**Exercise instructions**: From the line containing "this 1350×896 image." to the last line of the data below, copy everything exactly and nothing else; pictures stay out.

**Provided data**:
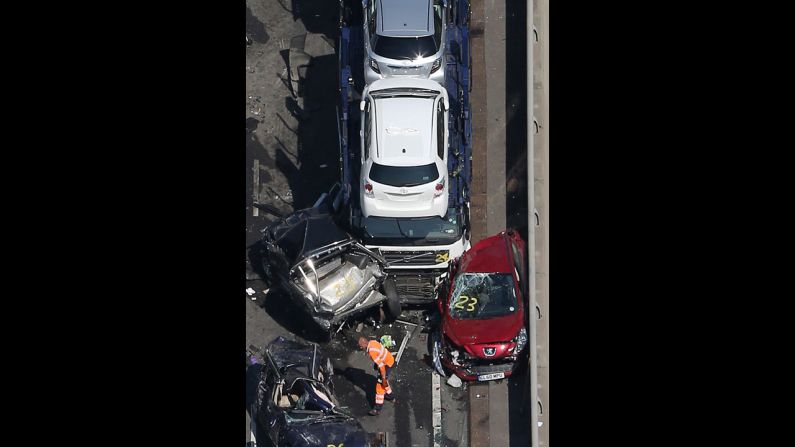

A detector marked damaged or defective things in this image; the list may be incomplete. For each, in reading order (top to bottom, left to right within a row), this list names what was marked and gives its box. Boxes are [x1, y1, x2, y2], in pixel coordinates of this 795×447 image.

crushed black car [260, 205, 402, 334]
shattered windshield [450, 272, 520, 318]
dark blue damaged car [252, 338, 382, 446]
crushed black car [252, 338, 382, 446]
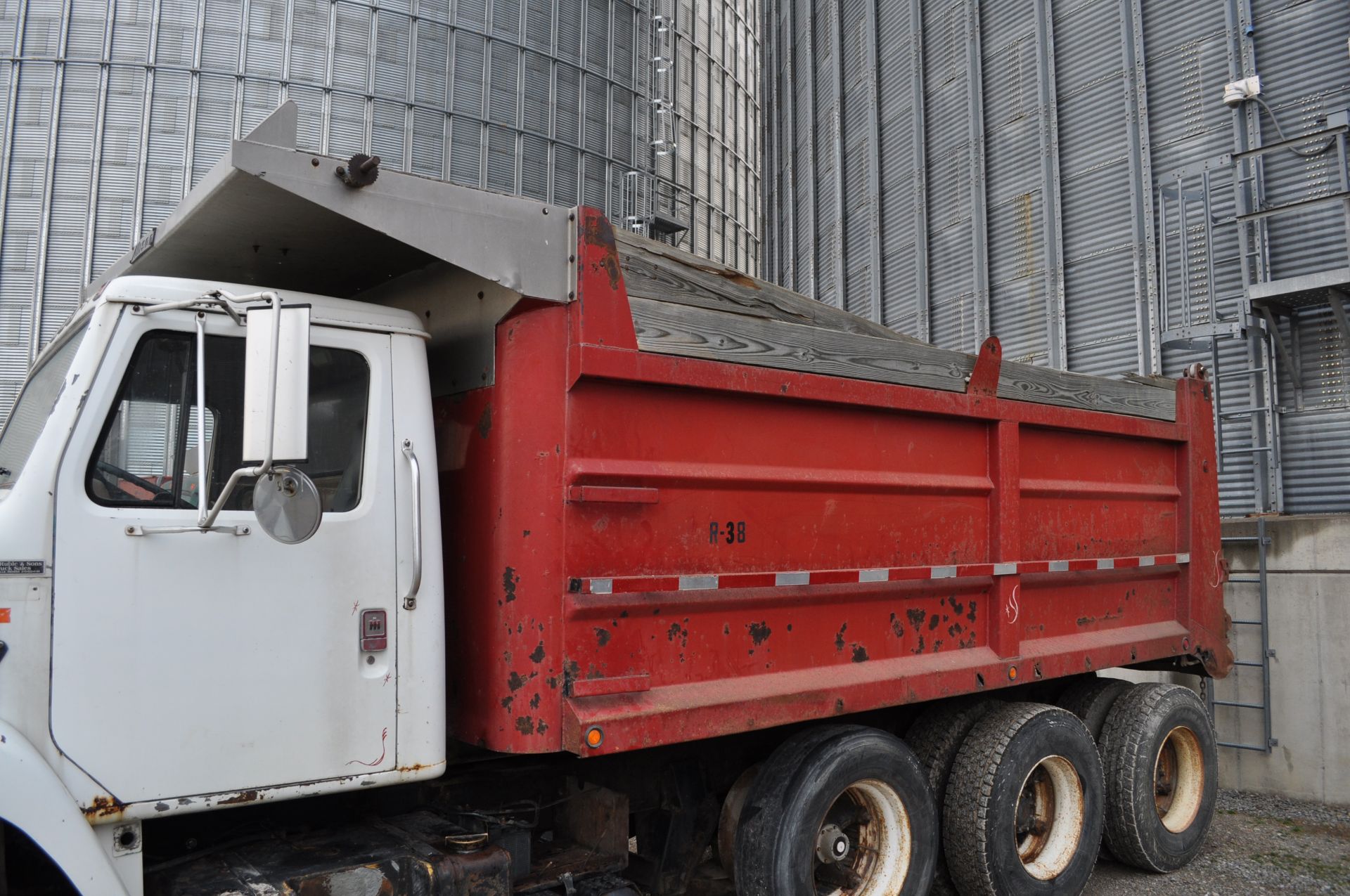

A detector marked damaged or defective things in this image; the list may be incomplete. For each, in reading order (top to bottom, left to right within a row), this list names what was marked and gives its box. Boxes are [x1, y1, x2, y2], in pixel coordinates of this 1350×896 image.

chipped red paint [437, 207, 1231, 755]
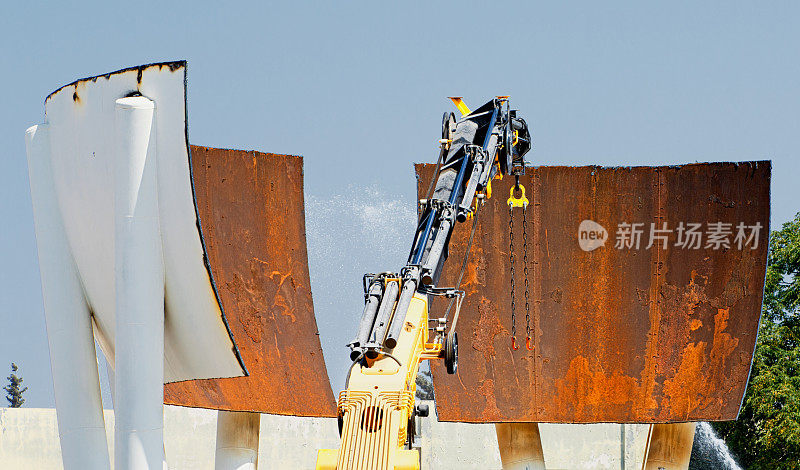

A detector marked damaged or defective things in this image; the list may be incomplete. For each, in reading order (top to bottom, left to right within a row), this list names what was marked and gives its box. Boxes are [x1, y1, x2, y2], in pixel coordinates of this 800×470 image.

**Output for this exercise**:
A detector marked damaged or defective things in this image; the list may be incomplete. For each, in reading order (top to bottom, left to right within a row), this list names what was marked and gives its box. Boxes are [x1, y1, x2, y2], in pixel coordinates of this 1350×896 image.

chipped red paint [437, 207, 1231, 755]

A detector marked damaged or defective things in this image; the list may be incomplete. For each, in reading order (top to bottom, left to right within a row), this list names what was marked and gives its box. Boxes are [x1, y1, x2, y2], in pixel coordinates of this 800×470 image.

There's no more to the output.